Sometimes the problem asks for the minimum or maximum value of something (capacity, threshold, distance) that satisfies a condition. If “is value X enough?” can be answered in O(n) or O(n log n), and the answer is monotonic (if X works, then X+1 works too, or the opposite), you can binary search on the answer space.

When to Use

Problem asks for min or max of a parameter (e.g. min capacity, max distance, min threshold).
You can write a predicate possible(x) that returns true if x is feasible.
Feasibility is monotonic: e.g. if possible(5) is true then possible(6) is true (or the reverse).

Template

Java
int low = minPossibleValue, high = maxPossibleValue;
while (low <= high) {
    int mid = low + (high - low) / 2;
    if (possible(mid)) {
        // Try smaller (for min) or larger (for max)
        answer = mid;
        high = mid - 1;  // for min answer
        // low = mid + 1;  // for max answer
    } else {
        low = mid + 1;   // for min answer
        // high = mid - 1; // for max answer
    }
}
return answer;

Example: Capacity to Ship Within D Days

Given weights and days D, find the minimum capacity so all packages can be shipped in at most D days.
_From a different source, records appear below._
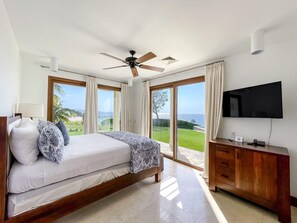 Ferros/tábuas de passar roupa, Wi-Fi de cortesia, roupa de cama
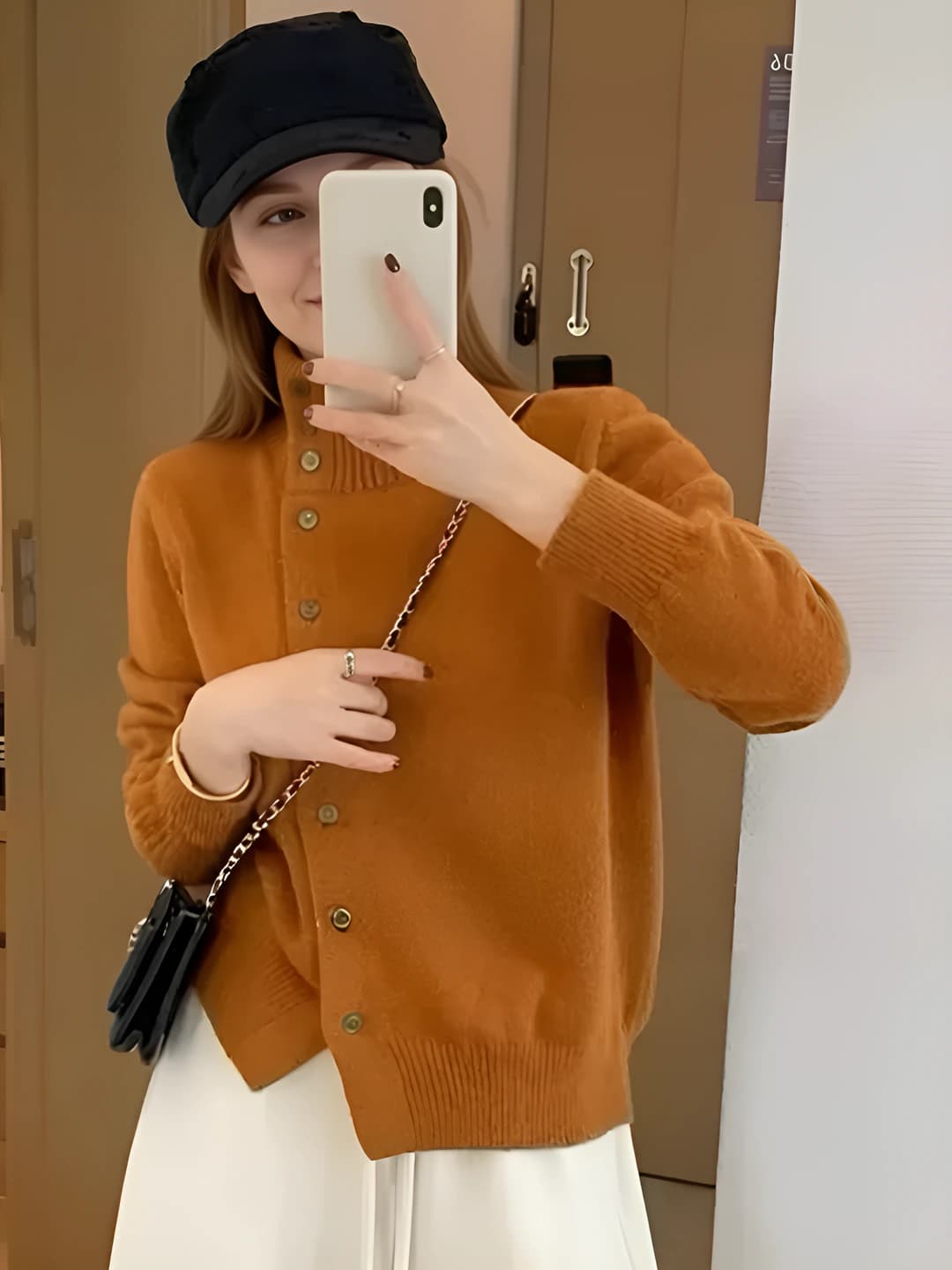 Ayollar uchun oq rangli, past bo'ylilar uchun, baland yoqali, bo'sh (oversize) kesimli, uzun yengli, qalinlashtirilgan, kuz-qish uchun, bir rangli, tik yoqali kardigan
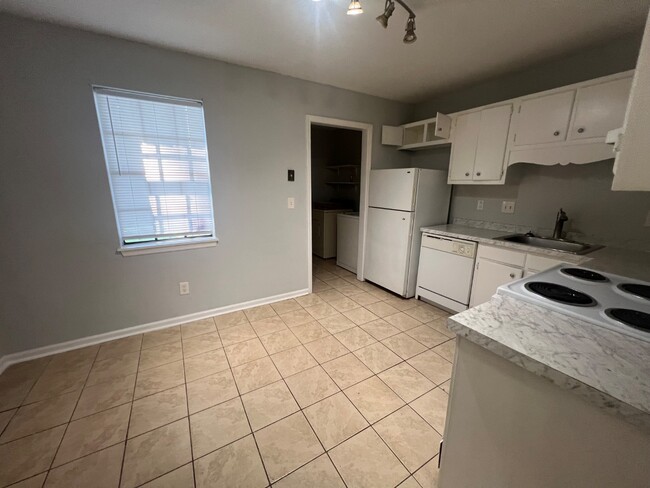 Photo - 111 Timber Ln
Answer space: capacity from max(weights) to sum(weights).
possible(cap): can we ship all in ≤ D days with capacity cap? (Greedy: fill days until cap is exceeded.) Monotonic: if cap works, larger cap works.
Binary search for the smallest cap such that possible(cap) is true.

Summary

Binary search on the answer: define the range, implement possible(x), and binary search for the minimum (or maximum) feasible value. Time is O(log(range)) × cost of possible(x).